··· Records for the task ···

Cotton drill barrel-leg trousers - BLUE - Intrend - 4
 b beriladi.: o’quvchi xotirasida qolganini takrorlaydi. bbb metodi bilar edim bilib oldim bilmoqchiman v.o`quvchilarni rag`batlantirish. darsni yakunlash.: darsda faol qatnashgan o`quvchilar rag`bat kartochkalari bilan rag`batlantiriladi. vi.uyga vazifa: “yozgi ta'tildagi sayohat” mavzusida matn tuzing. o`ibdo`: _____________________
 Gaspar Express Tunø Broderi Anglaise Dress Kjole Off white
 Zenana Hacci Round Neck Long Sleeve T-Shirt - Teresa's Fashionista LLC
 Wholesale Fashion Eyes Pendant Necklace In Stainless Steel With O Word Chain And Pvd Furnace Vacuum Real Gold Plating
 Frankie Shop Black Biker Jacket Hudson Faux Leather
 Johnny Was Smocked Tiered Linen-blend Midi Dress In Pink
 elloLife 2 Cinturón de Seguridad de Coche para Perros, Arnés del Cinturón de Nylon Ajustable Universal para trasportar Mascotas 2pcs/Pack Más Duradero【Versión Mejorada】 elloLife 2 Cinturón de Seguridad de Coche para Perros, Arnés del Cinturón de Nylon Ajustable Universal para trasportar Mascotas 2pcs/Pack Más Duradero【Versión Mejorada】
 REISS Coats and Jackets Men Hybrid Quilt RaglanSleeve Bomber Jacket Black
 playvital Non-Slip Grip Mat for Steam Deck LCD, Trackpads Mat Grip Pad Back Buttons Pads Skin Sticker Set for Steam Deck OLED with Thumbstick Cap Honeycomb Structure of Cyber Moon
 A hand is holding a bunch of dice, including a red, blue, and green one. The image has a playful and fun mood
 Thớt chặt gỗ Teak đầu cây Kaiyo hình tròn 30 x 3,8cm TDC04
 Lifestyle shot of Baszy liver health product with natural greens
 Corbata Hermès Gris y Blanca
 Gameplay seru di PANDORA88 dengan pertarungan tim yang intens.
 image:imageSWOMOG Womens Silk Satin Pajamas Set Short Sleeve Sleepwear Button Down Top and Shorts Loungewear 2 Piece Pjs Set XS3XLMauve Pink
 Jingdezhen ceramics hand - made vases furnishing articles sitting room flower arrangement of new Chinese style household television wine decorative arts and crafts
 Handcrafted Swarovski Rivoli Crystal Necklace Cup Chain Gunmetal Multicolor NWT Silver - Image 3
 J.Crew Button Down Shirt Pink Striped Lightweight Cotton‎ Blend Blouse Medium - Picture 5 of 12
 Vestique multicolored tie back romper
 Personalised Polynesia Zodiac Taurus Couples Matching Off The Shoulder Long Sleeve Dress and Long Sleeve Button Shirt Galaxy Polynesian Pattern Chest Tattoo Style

···

- [What you are asked to do] Look above for the line with "Wholesale Fashion Eyes" and the line with "Vestique multicolored tie back romper"; transcribe both and all lines in between, exactly, and nothing else.

- [Output of the exercise]
 Wholesale Fashion Eyes Pendant Necklace In Stainless Steel With O Word Chain And Pvd Furnace Vacuum Real Gold Plating
 Frankie Shop Black Biker Jacket Hudson Faux Leather
 Johnny Was Smocked Tiered Linen-blend Midi Dress In Pink
 elloLife 2 Cinturón de Seguridad de Coche para Perros, Arnés del Cinturón de Nylon Ajustable Universal para trasportar Mascotas 2pcs/Pack Más Duradero【Versión Mejorada】 elloLife 2 Cinturón de Seguridad de Coche para Perros, Arnés del Cinturón de Nylon Ajustable Universal para trasportar Mascotas 2pcs/Pack Más Duradero【Versión Mejorada】
 REISS Coats and Jackets Men Hybrid Quilt RaglanSleeve Bomber Jacket Black
 playvital Non-Slip Grip Mat for Steam Deck LCD, Trackpads Mat Grip Pad Back Buttons Pads Skin Sticker Set for Steam Deck OLED with Thumbstick Cap Honeycomb Structure of Cyber Moon
 A hand is holding a bunch of dice, including a red, blue, and green one. The image has a playful and fun mood
 Thớt chặt gỗ Teak đầu cây Kaiyo hình tròn 30 x 3,8cm TDC04
 Lifestyle shot of Baszy liver health product with natural greens
 Corbata Hermès Gris y Blanca
 Gameplay seru di PANDORA88 dengan pertarungan tim yang intens.
 image:imageSWOMOG Womens Silk Satin Pajamas Set Short Sleeve Sleepwear Button Down Top and Shorts Loungewear 2 Piece Pjs Set XS3XLMauve Pink
 Jingdezhen ceramics hand - made vases furnishing articles sitting room flower arrangement of new Chinese style household television wine decorative arts and crafts
 Handcrafted Swarovski Rivoli Crystal Necklace Cup Chain Gunmetal Multicolor NWT Silver - Image 3
 J.Crew Button Down Shirt Pink Striped Lightweight Cotton‎ Blend Blouse Medium - Picture 5 of 12
 Vestique multicolored tie back romper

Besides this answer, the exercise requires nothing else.